Give again, exactly and without pictures, the lines running from the line with "1221 SE 3rd" to the end of the records below.

(Extracted data entries)
........

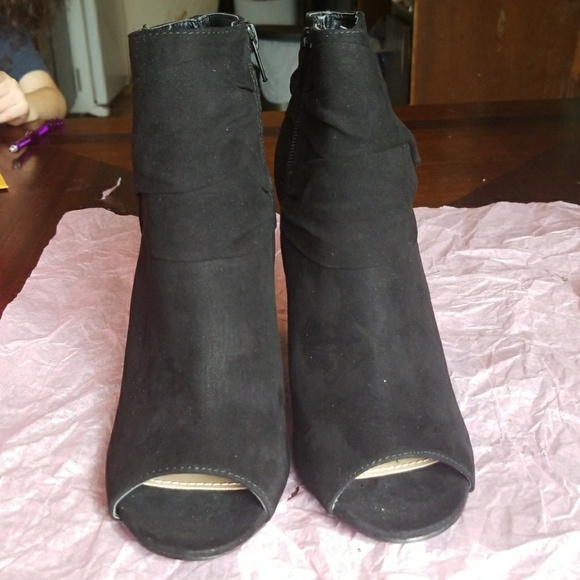 NWOT Black Booties - Picture 2 of 8
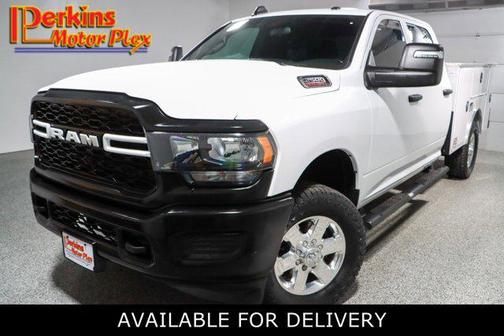 Bright White Clearcoat 2023 RAM 2500 Tradesman Crew Cab 4x4 8' Box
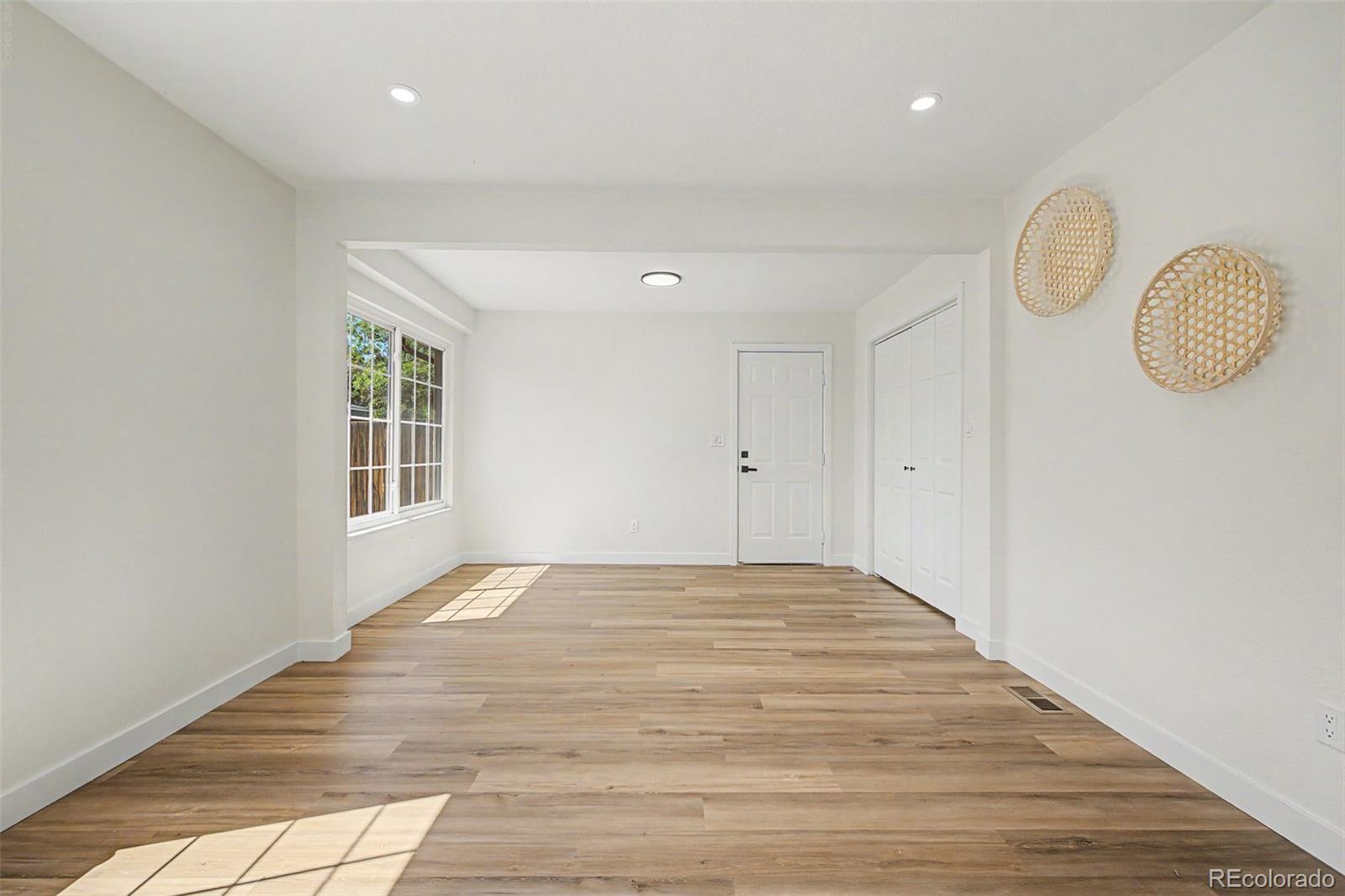 MLS Image #13 for 1421 s chambers circle,aurora, Colorado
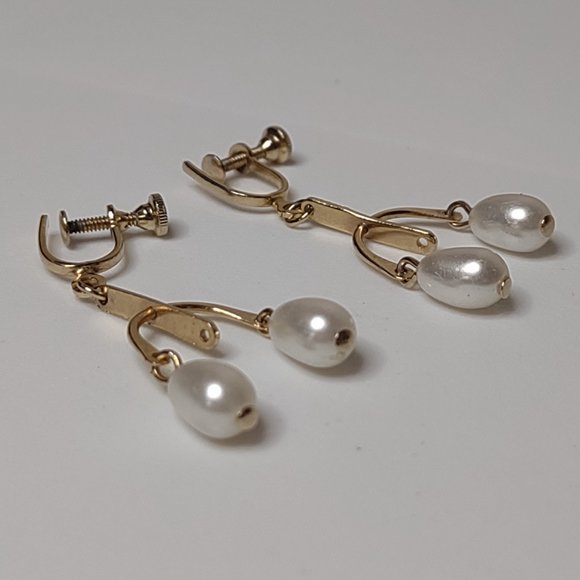 Gold Tone And White Bead Screw On Dangle Earrings - Picture 7 of 12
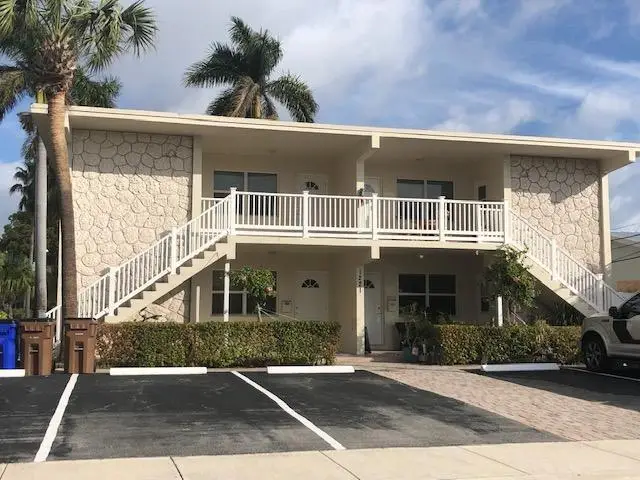 1221 SE 3rd Street 4, Deerfield Beach, FL 33441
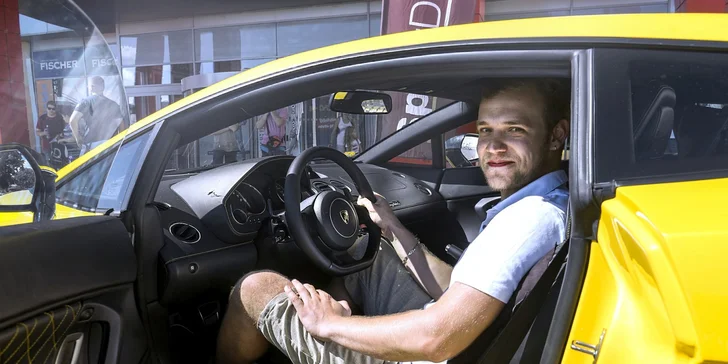 Jazda v novom Ferrari 458 Italia alebo v Lamborghini Gallardo LP560-4 vr. paliva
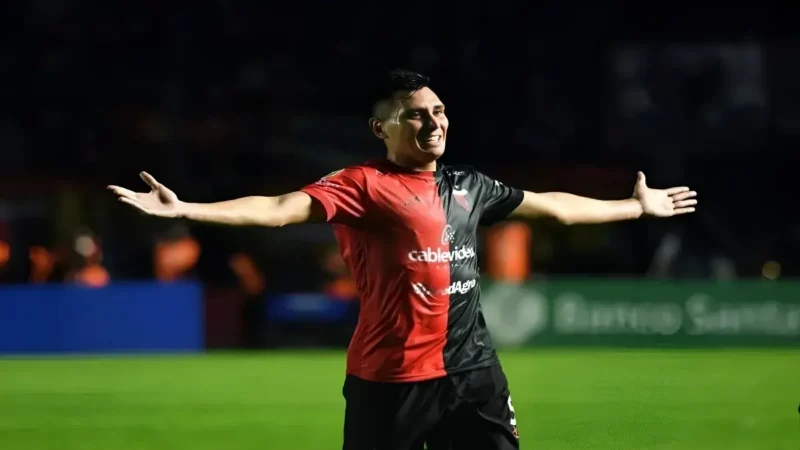 Colón arrasa a Banfield y se aleja del fondo de la tabla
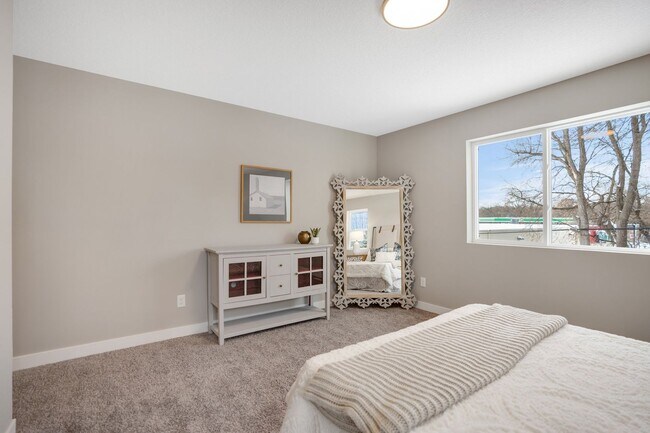 Building Photo - Available 07/01! New Build 4 bed 3 Bath in Hopkins!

........

• _Finished task_:
 1221 SE 3rd Street 4, Deerfield Beach, FL 33441
 Jazda v novom Ferrari 458 Italia alebo v Lamborghini Gallardo LP560-4 vr. paliva
 Colón arrasa a Banfield y se aleja del fondo de la tabla
 Building Photo - Available 07/01! New Build 4 bed 3 Bath in Hopkins!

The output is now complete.